2. If Convicted, Feng Would Face Mandatory Minimum of 5 Years in Jail
The report explains that under federal law, anyone found to have willfully damaged the property of an organization involved in foreign commerce, shall be imprisoned for no less than five years, and no more than 20. Because the Consulate was known to give out passports, which are critical to foreign commerce, the FBI believes this statute would apply to Feng's arson.
3.The Bombing Was Captured By Surveillance Cameras
Surveillance video recorded by the cameras of a residential complex across the street from the consulate, revealed an individual with long black hair and a thin build, dark sunglasses, and a blue jacket.

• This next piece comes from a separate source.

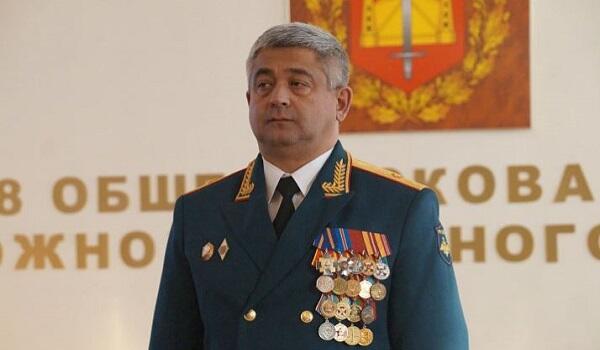 Nikiforov “Şimal” qoşunları qrupunun komandiri təyin edildi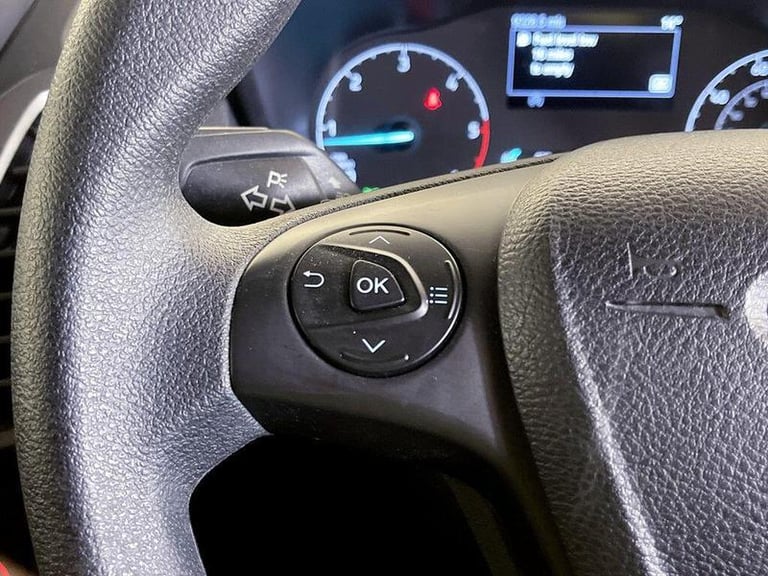 2020 Ford Transit Connect 1.5 EcoBlue 120ps Trend Van Powershift PANEL VAN DIESEL Automatic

4. He Turned Himself in With a 911 Call
On January 3rd, 2014, the Daly City Police department, of Daly City, California, received a call from a man claiming responsibility for the fire. Through the aid of Mandarin translator,l the man said he had "made the fire" at the "Chinese embassy," and identified himself as Yan Feng.
5. Chinese State Media Had Blamed American Anti-Chinese Prejudice for Attack
China's Global Times, ran an op-ed laying blame for the consulate fire on the US government's backing of anti-Chinese sentiment, writing:
“China and its government are frequent headline-grabbers in the U.S. mainstream media. Emotionally backed by U.S. public opinion, anti-China forces are even funded by the U.S. government and some social communities. With such support, they are more audacious to take dramatic and radical actions against China.”
The op-ed also argued that the United States should have provided the consulate its own security force.